If it still high fault detector will enter in FAULTY state else resume normal.
Can anyone find out what risk am running with this??
Or a better direction to work..
I'm still unclear what you're trying to achieve. If the micro doesn't control the power why do you need it? Is it just a fault monitor which cancels a fault indication after 30 secs if the fault is no longer detected?
Yes..
Its fault detector who disables the fault once 30 seconds are over after switching off power.
The tricky part is of TIME..i.e. 30 Seconds
How electronics will come to know the power was switched off for min 30 seconds.
As micro is OFF no question of timers..
As batteries are not on board I can not use RTC to read and take time difference.

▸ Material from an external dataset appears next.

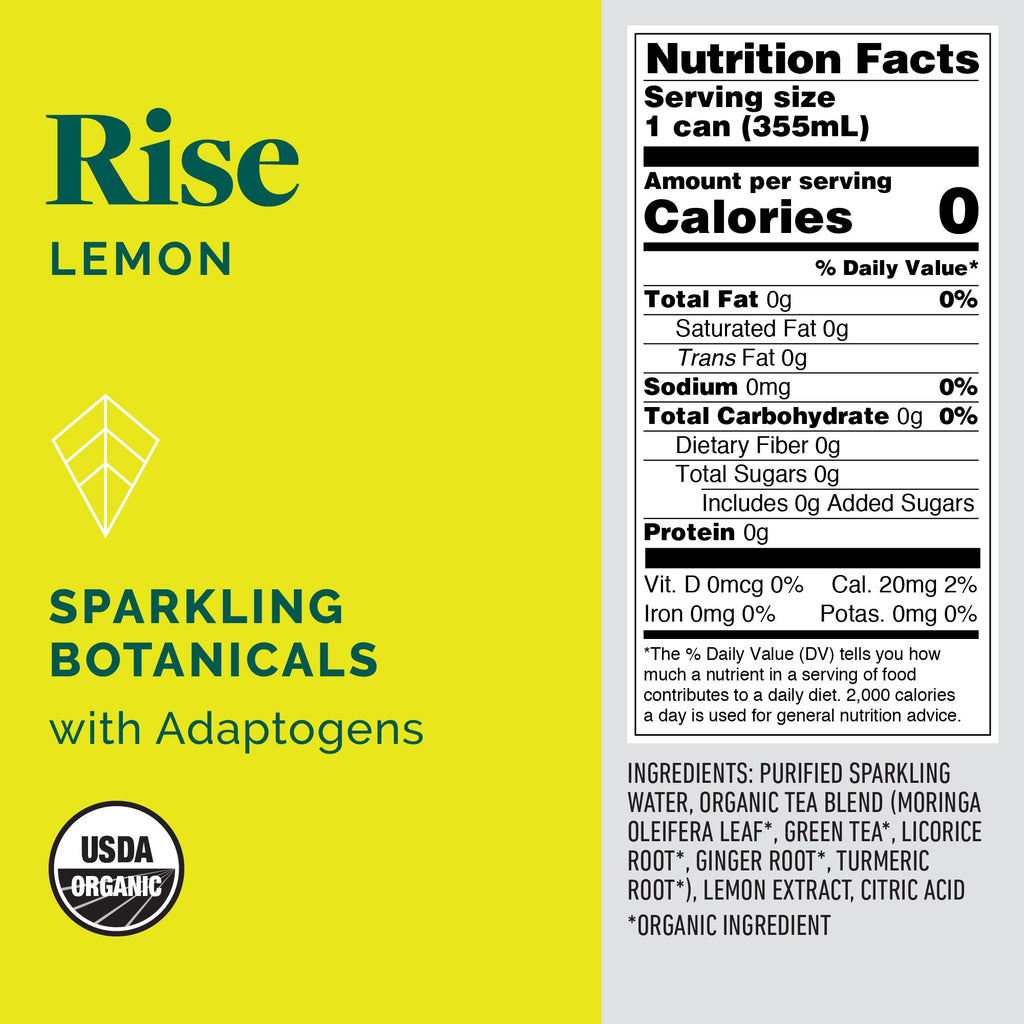 Kite Rise Moringa Lemon Sparkling Botanicals Beverage - 355ml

I am thinking to charge a capacitor using ( GPIO connected to Transistor base : A Switch ) drawing current from Vcc
Once fault is generated Switch will get activated and charge the capacitot and keep the switch open till power is available.
Once power is OFF, this capacitor will be drained by resistor connected to it to ground. ( Now I need to make sure the discharging time of this cap should be 30 seconds. need to control time constant )
On Powering ON micro will check for status of the capacitor charge using another GPIO; if it fully drained means 30 seconds of power off time has been done
Else will consider fault condition persists. ( In fault condition Vcc is available with some LED indication )
Using a cap for a 30 sec. timer is very iffy. If the cap or charge transistor fail the circuit will not work at all. IE there will be no voltage on the cap.
What exactly is your application?
I don't get it? You are using one of these correct? So why not employ the use of the uC totally in the fault loop? On fault detect the uC shuts things down. When fault is removed and no fault detect for 30 additional seconds the uC allows the process to resume.
What exactly in detail is the system and what defines a fault?